-------- Excerpted records

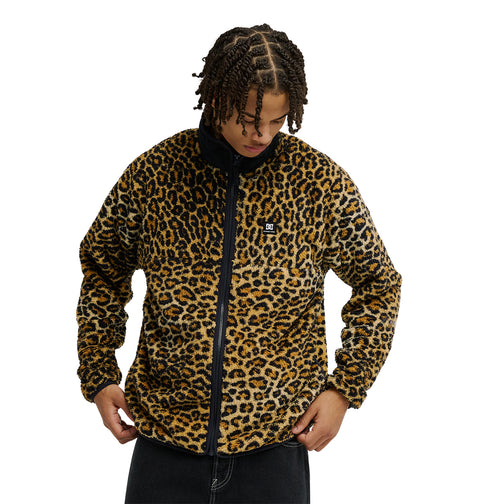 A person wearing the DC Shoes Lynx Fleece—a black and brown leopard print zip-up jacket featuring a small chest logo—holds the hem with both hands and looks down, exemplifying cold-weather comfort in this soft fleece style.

----------------
-------- Excerpted records

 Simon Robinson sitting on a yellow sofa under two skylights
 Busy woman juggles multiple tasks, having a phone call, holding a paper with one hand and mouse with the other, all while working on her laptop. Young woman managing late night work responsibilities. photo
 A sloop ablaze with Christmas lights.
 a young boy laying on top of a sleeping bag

----------------

Try it
Using the records above, write out exactly the lines between the one holding "Busy woman juggles" and the one holding "a young boy laying on top of a sleeping bag", inclusive; leave everything else out.

Exercise solution
 Busy woman juggles multiple tasks, having a phone call, holding a paper with one hand and mouse with the other, all while working on her laptop. Young woman managing late night work responsibilities. photo
 A sloop ablaze with Christmas lights.
 a young boy laying on top of a sleeping bag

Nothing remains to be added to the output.